La plupart de ces canaux proposent des bots capables d’automatiser le détournement des images. Une chaîne russophone particulièrement populaire propose de réaliser des deepfakes à la chaine pour quelques euros. Le paiement se fait par crypto ou en roubles.
Un autre canal fait la promotion d’applications pour détourner les visages directement sur une vidéo. Les liens redirigent vers des applis disponibles publiquement sur l’App Store (iPhone). Encore une fois, un abonnement de quelques euros suffit pour produire des centaines de deepfakes, y compris des vidéos.
La réalisation de ces vidéos ne prend que quelques secondes. Nous avons essayé de réaliser des vidéos à caractère pornographique – pour notre enquête journalistique uniquement – avec des visages (générés par IA pour ne pas offrir de données).
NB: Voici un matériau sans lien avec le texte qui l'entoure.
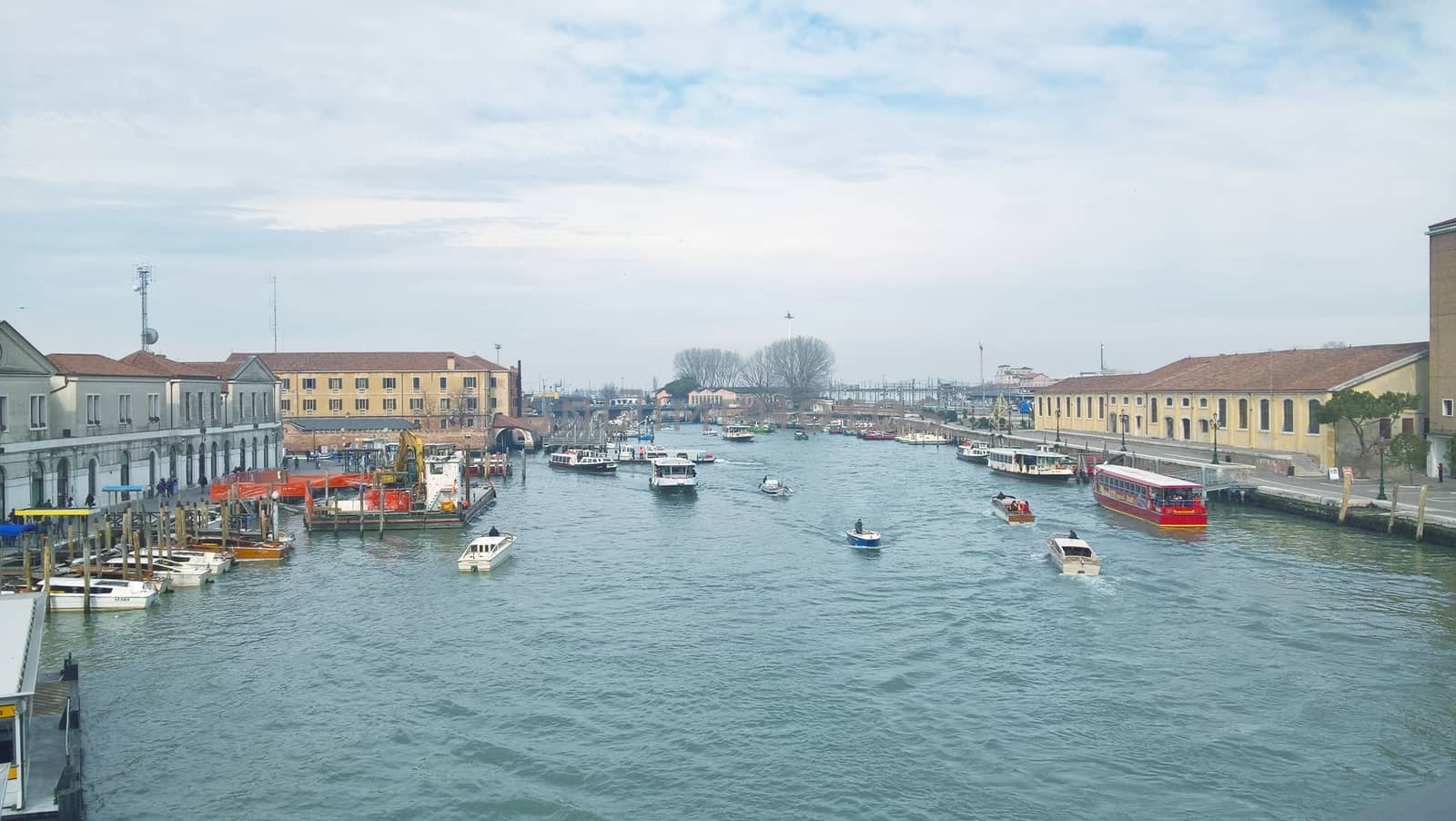 Venice, Italy - 04/24/2019: Foggy (misty) Venice. Canal (channel), historical, old houses and gondoliers with gondolas in thick fog. Scenic cityscape view. Venice. Italy. Copy space. Empty place for message. Outdoor.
L’application offre le même résultat pour des contenus à caractères sexuels.
Nous avons signalé l’existence de cette application à Apple, la marque nous a indiqué que « les apps peuvent être flaggées aux équipes de review si nécessaire ».
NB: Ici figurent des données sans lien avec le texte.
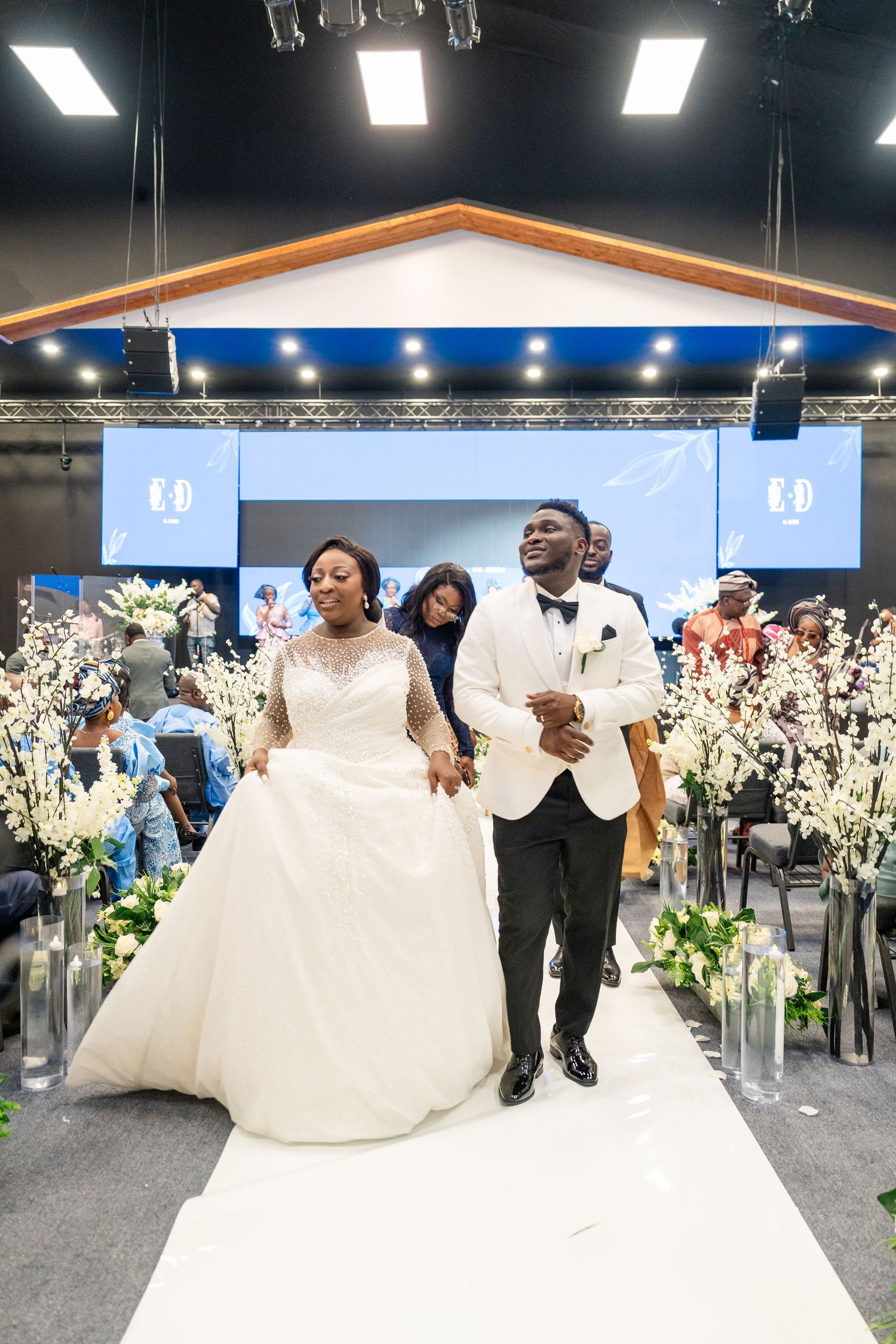 Wedding celebration in a modern venue with white floral arrangements and elegant lighting setup.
Concrètement, selon les règles de sécurité de l’App Store, le matériel ouvertement sexuel ou pornographique est défini comme « des descriptions ou des présentations explicites d’organes ou d’activités sexuelles destinées à stimuler des sentiments érotiques plutôt qu’esthétiques ou émotionnels ». Puisque l’application n’affiche pas ouvertement de contenus sexuels, elle peut être utilisée librement. Et des applis du genre, il en existe des dizaines.
Snapchat a ouvert la porte aux options de deepfake sur Android et iOS dès 2019. Depuis, n’importe quel éditeur peut proposer une application de « face swap », tout en faisant la promotion de détournements à caractère sexuel des réseaux parallèles.
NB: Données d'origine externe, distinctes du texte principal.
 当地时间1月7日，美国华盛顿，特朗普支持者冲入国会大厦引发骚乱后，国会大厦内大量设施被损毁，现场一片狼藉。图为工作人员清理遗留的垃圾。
La grande menace de la désinformation pour les élections
Pour les experts en cyber de Check Point, ces deepfakes de plus en plus accessibles vont perturber les nombreuses élections en 2024 – Européennes dans l’UE, Présidentielles aux États-Unis – ainsi que celles qui suivront lors des prochaines années. « Le recours à la technologie « deepfake » pour interférer dans les élections marque un tournant décisif pour les démocraties du monde entier. À l’approche des élections de 2024 dans de nombreux pays d’Asie, d’Europe et des États-Unis, il est plus que jamais nécessaire de faire preuve de vigilance et de prendre les mesures qui s’imposent » note le rapport.
En France, la loi relative à la lutte contre la manipulation de l’information « s’applique dans l’ensemble de ses dispositions à la lutte contre toutes les fausses informations, y compris celles se fondant sur des hypertrucages ». Quant au détournement pornographique, il est interdit par l’Article 226-8 du Code pénal.
Contacté par Numerama, Marco Eggerling, directeur de la sécurité des systèmes d’information chez Check Point estime que ces outils IA « représentent l’une des plus importantes menaces pour nos sociétés. Les visages de plusieurs jeunes filles mineures d’origine espagnoles ont été détournées pour des contenus pédopornographiques récemment. Imaginez l’impact pour les familles. Des acteurs malveillants pourraient faire pareils avec des candidats politiques pour influencer des élections » ajoute-t-il.
A-t-on un moyen de stopper ce phénomène ? Pas vraiment. « Il faut arrêter de croire tout le contenu que vous voyez sur le web. On ne peut que faire confiance au journalisme traditionnel » affirme Marco Eggerling. Bienvenue dans l’ère de l’incertitude.